I honestly ask if that's a possibility, I do understand that it may even be more complex than just changing the os.locale. Hopefully one of the devs can bring some more light to the topic.

apetina
December 3rd, 2021, 17:39
+1 to this suggestion. This is something really needed for non-English languages

elfurna
December 3rd, 2021, 18:03
I think there are a lot of non-English speaking gamers and gamemasters who would love to have material in their native language or even have the possibility that their extensions, themes or creations could be made in that language.

LordEntrails
December 3rd, 2021, 18:16
Be aware, prior to FGC retirement (which was only a few months ago), support for a more robust character set was not feasible. Now we are at the point (with no longer a need to support FGC) with FGU that changes to make such technically feasible are probably possible. But, there are still ~1700 DLC products using the old iso-8859-1 that must be supported. Also, for things like non-English language versions of WotC products (and probably all the other publishers), I'm fairly certain that SmiteWorks is not licensed to convert and distribute them.

Now, let's not highjack Oso Buho's thread which is a technical discussion regarding LUA character sets. Instead, I would suggest another thread be started to discuss non-English language support, as well that a request be placed on the Wish List and you all go vote for it there. By showing interest via the Wish List, it will help SmiteWorks understand the desire from the current user base and give them useful information in order to help prioritize the request compared to other features and improvements that are desirable.

DCrumb
December 4th, 2021, 03:22
I'm not sure how to do it, but iso-8859-1 should be able to display accented characters (when looking at the wiki page, they are in the Cx to Fx hexadecimal coding). Spanish is fully covered, with German mostly covered (Capital eszett doesn't have a character, but the lower case does). If using windows, you can use the character map to paste them, and also see the ALT-Number Pad combination that will work to print them - for the given example Alt-0243 will give the accented o character - ó.

Oso Buho
December 4th, 2021, 13:37
I'm not sure how to do it, but iso-8859-1 should be able to display accented characters (when looking at the wiki page, they are in the Cx to Fx hexadecimal coding). Spanish is fully covered, with German mostly covered (Capital eszett doesn't have a character, but the lower case does). If using windows, you can use the character map to paste them, and also see the ALT-Number Pad combination that will work to print them - for the given example Alt-0243 will give the accented o character - ó.

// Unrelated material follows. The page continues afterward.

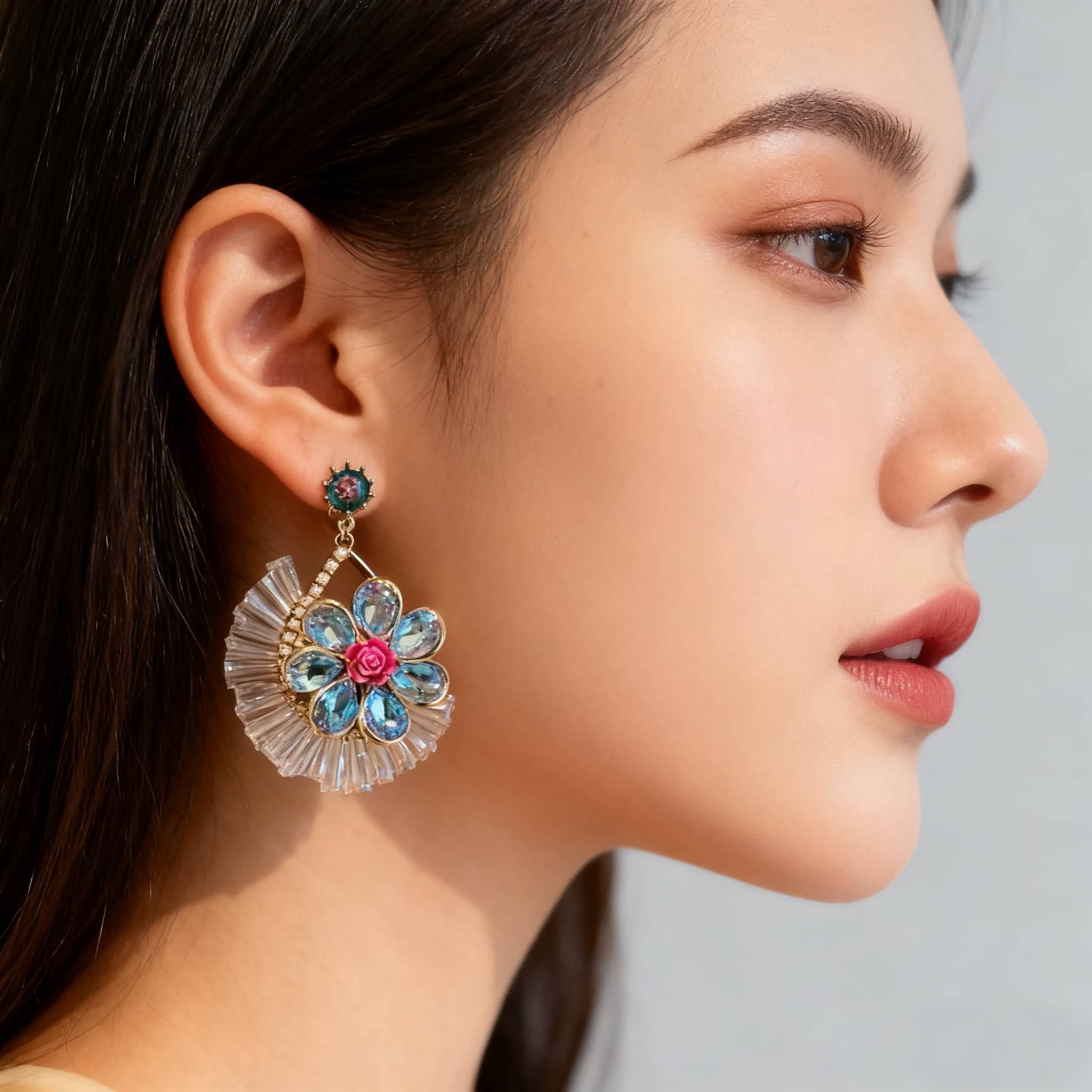 Elegant blue crystal flower earrings featuring intricate floral design and vibrant colors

It does display them. The issue comes from then treating them through LUA code and displaying them again, it does with the ascii code instead of displaying the character.

psicodelix
December 4th, 2021, 15:31
+1 to the suggestion, I've struggled many times trying to parse strings in lua with accected characters, with poor results.

In my tests it looks as if normal characters occupy only one space in the string, but accented characters occupy two, which makes operations with substrings practically impossible.

I don't know if there is an easy solution from the FGU side, but if there is it would save us developers of other languages a lot of trouble.